Wedding day photos of Sid and Serene Stokes on Dec. 30, 1951 in Montebello.
(Kevin Chang / Staff Photographer)

Their hands overlapped on the arm of the couch in their Corona del Mar home they’ve shared since 1988 while recounting their long lives together. Serene would smile, interjecting every once in a while as Sid explained how he was drafted during the Korean War and the places and years when their three daughters — Stacey Stokes, Susan Stokes and Sally Sefami — were born.

Serene said she taught while Sid was overseas, serving with the U.S. Navy. When Sid returned he took a job in the aerospace industry. At the time, through the late 1950s, they lived in the Bay Area but in around 1959 or 1960, they remember moving to New York for a brief time, but “neither the dog or the kids could stand the snow,” Sid recalls.

They would then relocate to Southern California, eventually landing in Newport Beach, which they’ve called home for decades. Serene continued her career in the educational field, eventually serving as principal at Washington, Jefferson and Remington elementary schools in Santa Ana. In later years, after her retirement, she served on the Newport-Mesa Unified School District Board of Trustees.

Sid, too, pursued his interest in education. He was an assistant superintendent of business for the Covina-Valley Unified School District by the time they came to Newport. He has participated in the Coast Community College District Foundation, the Newport Beach Sister City Assn. and the Newport Beach Navy League.

These days, they’re just enjoying living in Newport Beach and their time with their family.

Two of their daughters, Sally and Susan, have stayed local. Sally teaches Spanish at Sage Hill and Susan teaches at Newport Coast Elementary. Their eldest, Stacey, worked previously for the Supreme Court of California.

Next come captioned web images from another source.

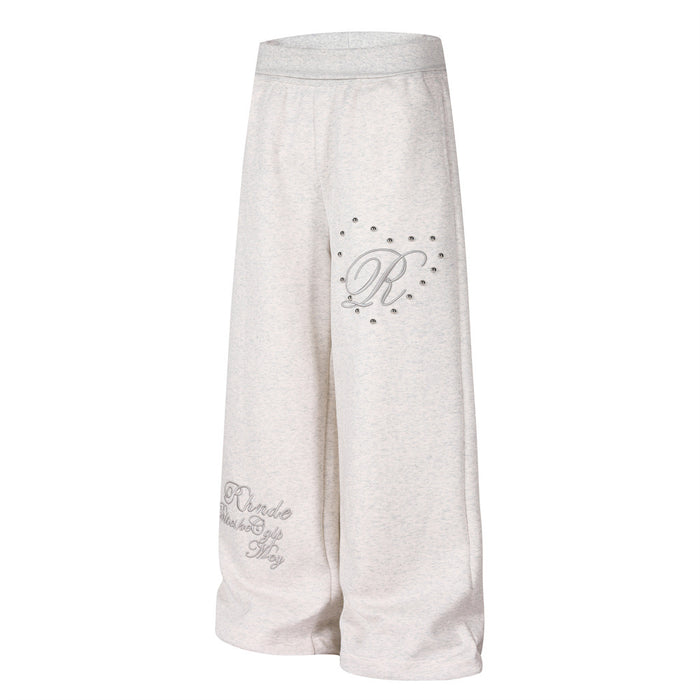 Light gray wide-leg sweatpants angled front view showing embroidered leg graphics and silver studs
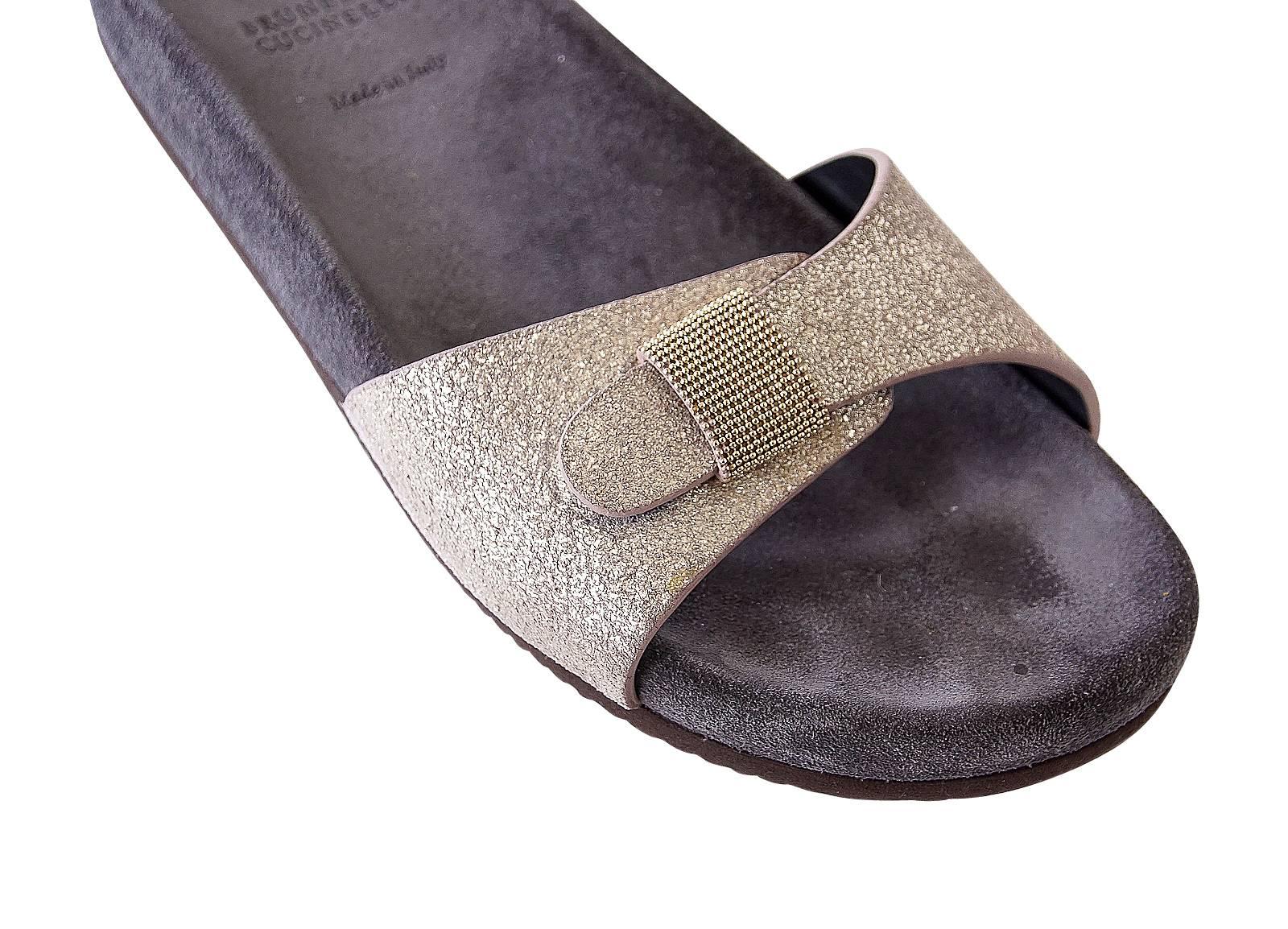 Guaranteed authentic Brunello Cucinelli soft metallic gold silvery slide.
Soft toned gold slide with signature beading on strap.
Inner sole is brown suede. 
Sandal was worn once indoors.
final sale

SIZE 37.5
USA SIZE 7.5

SHOE MEASURES:
HEEL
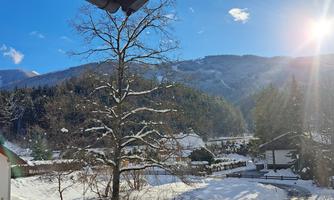 A snowy winter landscape with a large tree and mountains in the background. The sun shines brightly in the sky, creating a peaceful atmosphere.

Between the three, the Stokes have eight grandchildren. They are spread all across the country in places like Boston, New York and Washington.

The Stokes’ advice for couples striving for a relationship as long as theirs?

“It’s very simple. We have been the public relations department for each other. We were shocked early in our marriage when we first met people, who the first thing they started talking about was their spouses and how bad they were,” said Sid. “We said, ‘That will never happen to us. We’ll never talk negatively about our spouses.’

“That’s our advice,” he said with a smile.